The floating coolant tube, a key component of both the electrode and torch design, is loosely installed in the torch. When the electrode is installed, the coolant tube self-aligns to the electrode's internal features. Coolant enters the top of the tube at relatively high pressure and is forced through a tight fit around the hollow mill of the electrode. This squeeze increases the coolant velocity, which effectively causes the coolant to strip away the steam buildup around the hot hafnium, making heat removal efficient.
Troubleshooting and inspection. Ensure the electrode matches up with other consumable parts. Use only parts recommended by the manufacturer; any substitution may cause problems such as poor cut quality, slowed cutting speed, and shortened electrode life.
Gas delivery system leaks can also be an issue. Even a minor leak caused by a loose hose fitting or a split or kinked hose can reduce cut quality and consumable life. Changes to the predesigned gas pressures and flows will change the plasma arc characteristics. Every day check the inlet pressure for the plasma and shield gases, and ensure that compressed air (when supplied from a local compressor) is clean, dry, and free of oil.
Handle the electrode and other consumable parts with clean hands. When installed in the plasma torch, dirty or greasy electrodes can cause stray electrical tracking that eventually can lead to torch failure.
Also, do not overtighten the electrode. Having an O-ring seal, the electrode is installed properly when you feel the locating shoulder bottom in the torch. Excessive tightening can cause tolerance problems within the torch.
Inspect the end of the coolant tube for nicks and notches, especially if you had a catastrophic electrode failure. A damaged coolant tube produces uneven coolant flow and shortens electrode life. If the end is damaged, replace the tube.

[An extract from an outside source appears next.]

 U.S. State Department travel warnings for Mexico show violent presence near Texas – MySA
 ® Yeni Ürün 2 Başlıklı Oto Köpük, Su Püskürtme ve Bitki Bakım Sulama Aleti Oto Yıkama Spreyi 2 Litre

To inspect electrode wear, look at the hafnium emitter at the tip. A new electrode has a dimple machined in the hafnium to force the arc attachment point to a dead-center position. A used electrode will have a small pit caused by evaporation of the hafnium during starting and steady-state cutting (see Figure 3). A new electrode wears rapidly for about the first and last 10 percent of its life. In the middle of its life cycle, the electrode wear is slow and predictable. Operations using longer cuts require fewer starts and so help extend electrode life.
Besides causing cut problems like dross and angularity, electrodes with pits between 0.045 and 0.050 in. can cause catastrophic failure that can damage the nozzle, shield, and possibly the coolant tube. Consult your plasma system supplier for recommended electrode changeouts. In general, though, a standard oxygen electrode should be changed when the pit depth, as compared with a new electrode, has reached around 0.040 in.
Measure the electrode's pit depth with a dial indicator. First, use a new electrode with the same part number as the partially used electrode you need to measure. (Electrodes with different part numbers appear very similar, but have a different overall length.) Position the pointed tip of the indicator in the center of the hafnium emitter's dimple. Then adjust the dial to 0. With the indicator zeroed to a new electrode, perform the same measurement with the partially used electrode (see Figure 4).
It is common to see black marks that start at the hex and swirl around the perimeter of the electrode body toward the hafnium emitter. These are usually caused by dirt left inside the torch during a consumable changeout. But if those marks become prominent, etched into the copper electrode body, it could indicate badly contaminated plasma gas.
The electrode's copper body should remain clean and shiny, even at the end of its life. Any signs of grayish heat discoloration could indicate a torch cooling issue. When inspecting a used electrode, carefully view the position of the hafnium pit. An off-center pit could indicate a gas flow problem that may be related to an incorrect or damaged swirl ring or incorrect gas flow settings.
Cutting machine operators generally learn to notice changes in cut quality in the workpiece or in sound from the plasma system. Many, of course, are under pressure to get the longest life out of their consumable parts to lower operating costs. In most cases, however, changing the electrode before it fails allows the nozzle and the shield to last longer, effectively lowering operating costs while maintaining high cut quality levels.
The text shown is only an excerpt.